Deep guide · India
Lumpsum calculator — one-time investment growth
Deploy ₹4,00,000 once at 11% a year for 17 years, and this illustration lands near ₹23,58,037 — about ₹19,58,037 in growth on top of principal. Weigh that against drip-feeding the same capacity through monthly SIPs when you think about timing risk.
A lumpsum puts every rupee to work from day one — strong when you accept today’s entry level and can stay long; harder when you prefer to average in. The math here uses one annual compounding step for clarity; it is not a scheme document.
What follows: your baseline, tenure and principal grids, return sensitivity, and a SIP contrast. Market-linked funds do not promise the assumed rate.
How this lumpsum growth model works
We apply the stated annual return once per year to the running balance — a simple compounding loop that separates principal, accumulated interest, and maturity. Real mutual funds mark to market daily; this model smooths returns into one annual step so you can compare scenarios quickly.
Calculation breakdown
- Principal: ₹4,00,000
- Estimated interest: ₹19,58,037
- Estimated maturity: ₹23,58,037
Scenario comparison
Different tenures
| Years | Interest | Maturity |
|---|---|---|
| 5 | ₹2,74,023 | ₹6,74,023 |
| 10 | ₹7,35,768 | ₹11,35,768 |
| 15 | ₹15,13,836 | ₹19,13,836 |
| 20 | ₹28,24,925 | ₹32,24,925 |
Different principal amounts (±15–25%)
| Scenario | Principal | Interest | Maturity |
|---|---|---|---|
| -25% vs base | ₹3,00,000 | ₹14,68,528 | ₹17,68,528 |
| -15% vs base | ₹3,40,000 | ₹16,64,332 | ₹20,04,332 |
| 15% vs base | ₹4,60,000 | ₹22,51,743 | ₹27,11,743 |
| 25% vs base | ₹5,00,000 | ₹24,47,546 | ₹29,47,546 |
Different return assumptions (same P and tenure)
| Scenario | Rate | Interest | Maturity |
|---|---|---|---|
| -25% vs base | 8.3% | ₹11,51,471 | ₹15,51,471 |
| -15% vs base | 9.4% | ₹14,42,275 | ₹18,42,275 |
| Base rate | 11% | ₹19,58,037 | ₹23,58,037 |
| 15% vs base | 12.6% | ₹26,07,548 | ₹30,07,548 |
| 25% vs base | 13.8% | ₹32,01,459 | ₹36,01,459 |
Comparison: lumpsum vs SIP (illustrative)
For perspective, an illustrative SIP of ₹1,961 per month at 12% for 17 years could land near ₹13,09,793 — different risk/return path than a one-time lumpsum; not a recommendation.
Lumpsum vs SIP is not a moral choice — it is a cash-flow and risk trade-off. If you already hold a large corpus, lumpsum deployment may be appropriate; if you are early in your career, SIPs can enforce discipline.

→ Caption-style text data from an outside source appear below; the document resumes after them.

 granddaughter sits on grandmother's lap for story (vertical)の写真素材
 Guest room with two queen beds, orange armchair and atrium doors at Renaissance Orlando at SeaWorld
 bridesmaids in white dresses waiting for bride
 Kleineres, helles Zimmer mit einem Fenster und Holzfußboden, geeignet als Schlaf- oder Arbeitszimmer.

Use both calculators on EasyCal to stress-test assumptions.
Frequently asked questions
- What is the future value of ₹4,00,000 at 11% for 17 years?
- Under annual compounding (illustrative), maturity is about ₹23,58,037 with interest near ₹19,58,037. Actual mutual fund lumpsum returns are not guaranteed.

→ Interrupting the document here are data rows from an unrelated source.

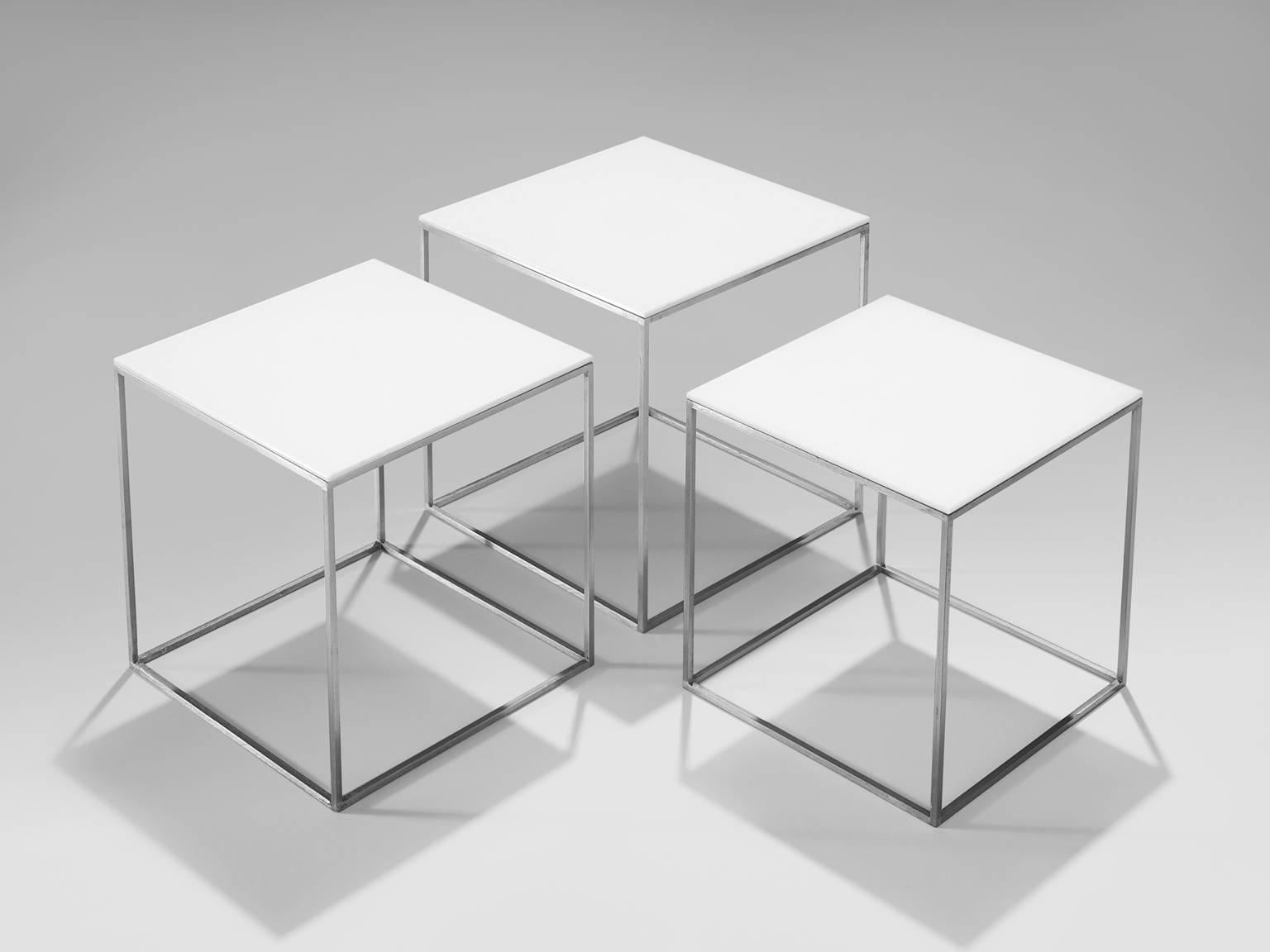 Poul Kjærholm, nesting tables, white acrylic and steel, Denmark, circa 1957.

These modernist Danish nesting tables were manufactured in Denmark by fE. Kold Christensen. They feature a chrome frame, with a white acrylic slick top and an open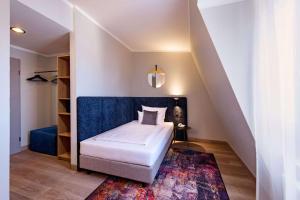 Schlafzimmer mit einem Bett mit blauem Kopfteil und einem Teppich in der Unterkunft Aspire Elements Reutlingen, Trademark Collection by Wyndham in Reutlingen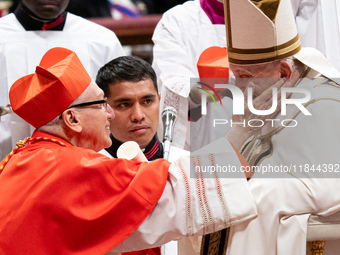 Peruvian Cardinal Carlos Gustavo Castillo Mattasoglio receives his biretta as he is appointed cardinal by Pope Francis during a consistory c...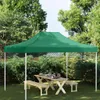 A green party tent set up in a garden with a wooden picnic table and benches underneath. Podgląd zdjęcia produktu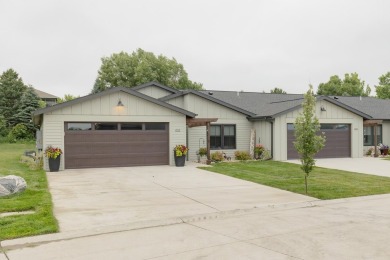 This end unit in The Dwellings has all the upgrades! One owner on Indian Hills Golf Club in Iowa - for sale on GolfHomes.com, golf home, golf lot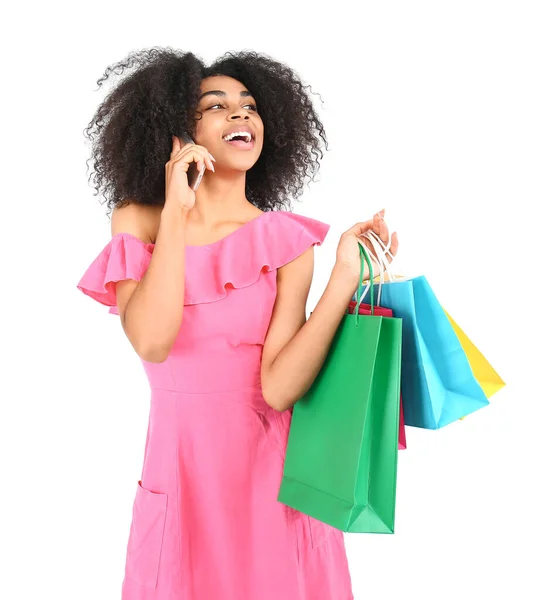 Beautiful African-American woman with shopping bags talking by phone on white background — Stock Photo, Image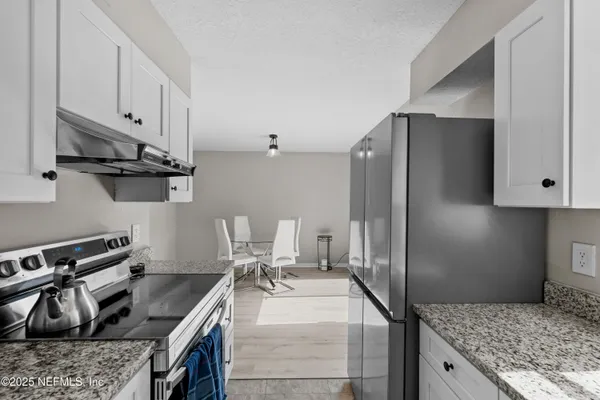 a kitchen with granite countertop a sink a stove and refrigerator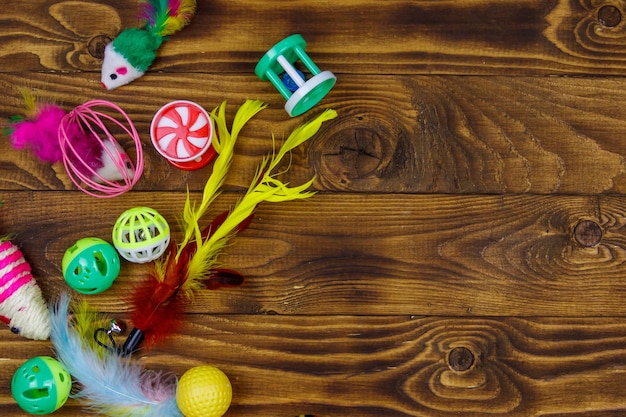 Set of toys for cat on wooden background Top view copy space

- Lumpsum vs SIP — which is better?
- Lumpsum deploys capital immediately; SIP spreads entries over time. Risk/return profiles differ — use both calculators for perspective.
- Is this mutual fund lumpsum calculator India specific?
- It uses rupee amounts and common search intent for Indian investors; returns are illustrative, not a fund quote.
- Does this include tax?
- No — capital gains tax rules vary by asset and holding period.
- Can I change the return assumption?
- Yes — rerun with a lower rate for conservative planning.
- Where can I explore more scenarios?
- Use the internal links below for nearby principals, tenures, and rates.
Internal linking — related lumpsum calculator pages
Explore nearby scenarios on EasyCal — each link opens a calculator page with matching inputs (programmatic SEO).
- Lumpsum — 5 lakh · 17 years @ 11%
- Lumpsum — 6 lakh · 17 years @ 11%
- Lumpsum — 9 lakh · 17 years @ 11%
- Lumpsum — 14 lakh · 17 years @ 11%
- Lumpsum — 3 lakh · 17 years @ 11%
- Lumpsum — 2 lakh · 17 years @ 11%
- Lumpsum — 0.1 lakh · 17 years @ 11%
- Lumpsum — 19 lakh · 17 years @ 11%
- Lumpsum — 4 lakh · 19 years @ 11%
- Lumpsum — 4 lakh · 22 years @ 11%
Illustrative compounding only — not investment advice.